▶ _WHAT TO WORK ON_: From the line with "leather shoulder handbag" through the line with "Yahoo Sports - The", repeat the entries verbatim, both end lines included, and add nothing.

▶ _MATERIAL FOR THIS TASK_:
※

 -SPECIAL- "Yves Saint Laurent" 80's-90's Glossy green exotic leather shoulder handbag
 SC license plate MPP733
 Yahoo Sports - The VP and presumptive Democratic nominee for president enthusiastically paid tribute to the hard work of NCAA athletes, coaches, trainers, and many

※

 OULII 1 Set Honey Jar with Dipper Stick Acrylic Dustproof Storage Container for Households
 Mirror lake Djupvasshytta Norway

※

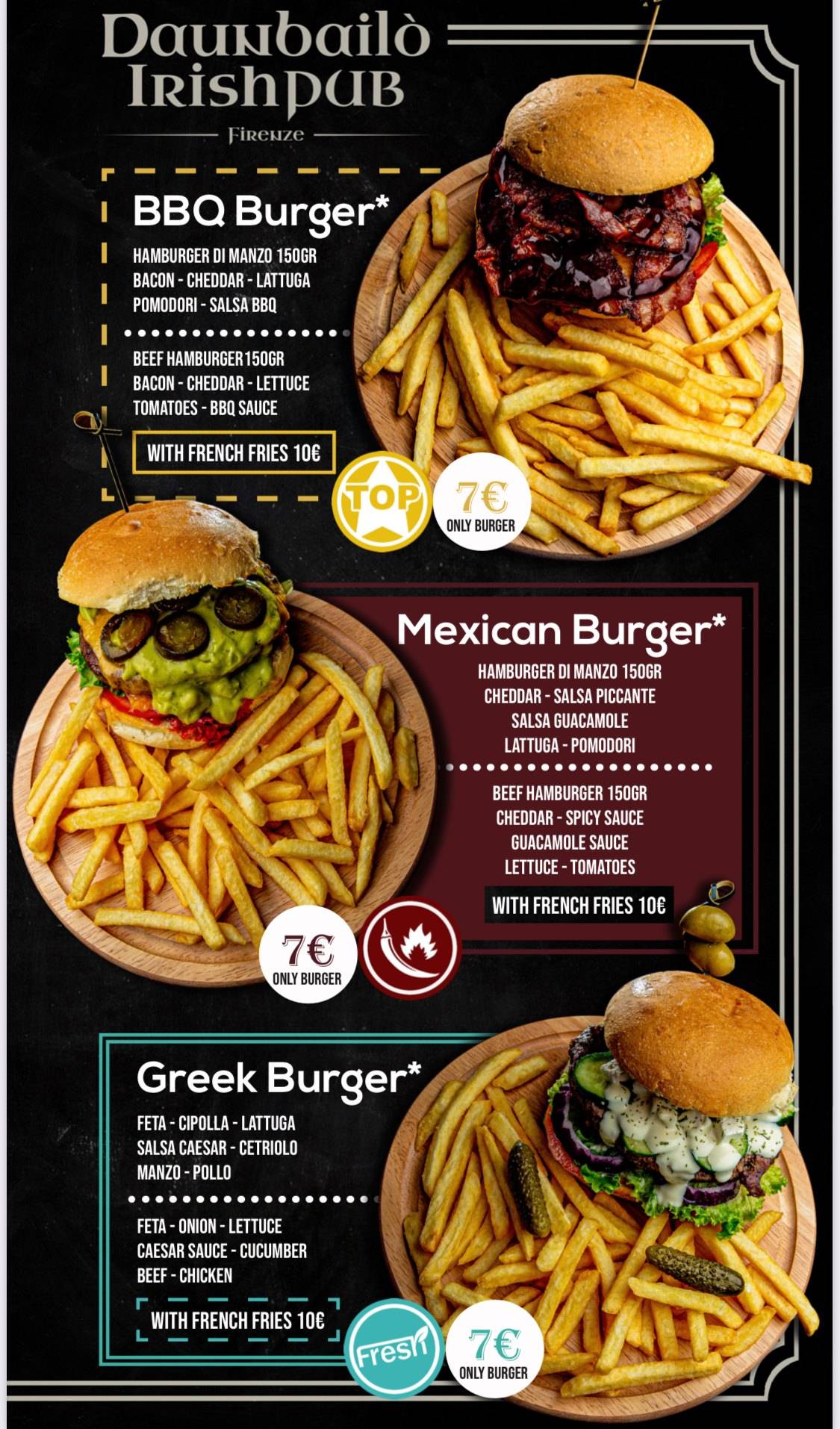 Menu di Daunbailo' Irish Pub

※

▶ _EXPECTED ANSWER_:
 -SPECIAL- "Yves Saint Laurent" 80's-90's Glossy green exotic leather shoulder handbag
 SC license plate MPP733
 Yahoo Sports - The VP and presumptive Democratic nominee for president enthusiastically paid tribute to the hard work of NCAA athletes, coaches, trainers, and many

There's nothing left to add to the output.